(DATA SEGMENT Opens)

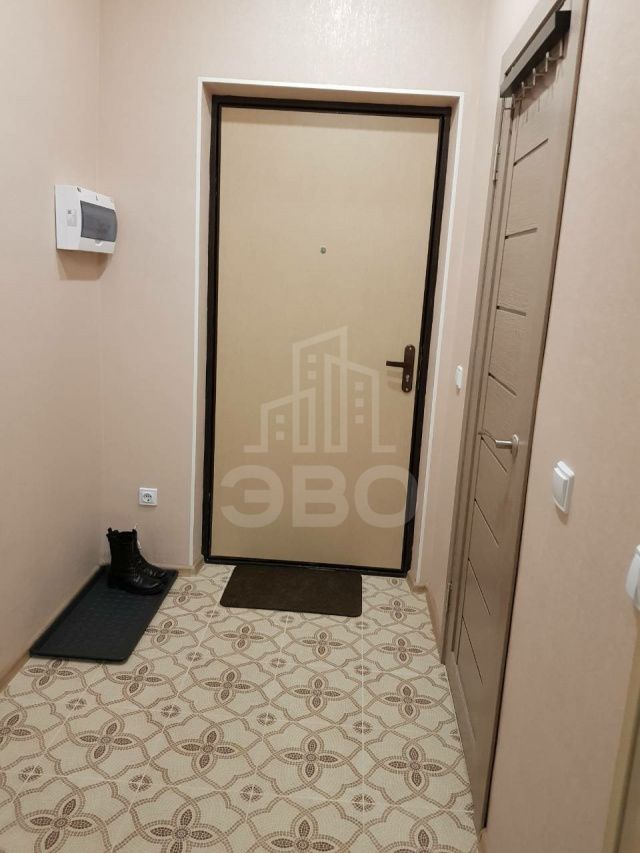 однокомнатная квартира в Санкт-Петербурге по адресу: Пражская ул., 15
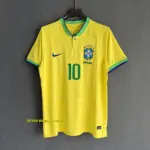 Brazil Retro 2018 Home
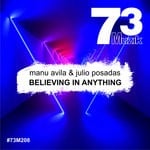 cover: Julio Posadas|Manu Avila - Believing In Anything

(DATA SEGMENT Closes)

_EXERCISE AIM:_ Leave out every picture and write out exactly the lines running from the line containing "Brazil Retro 2018 Home" to the end of the listing above.

_TASK ANSWER:_
 Brazil Retro 2018 Home
 cover: Julio Posadas|Manu Avila - Believing In Anything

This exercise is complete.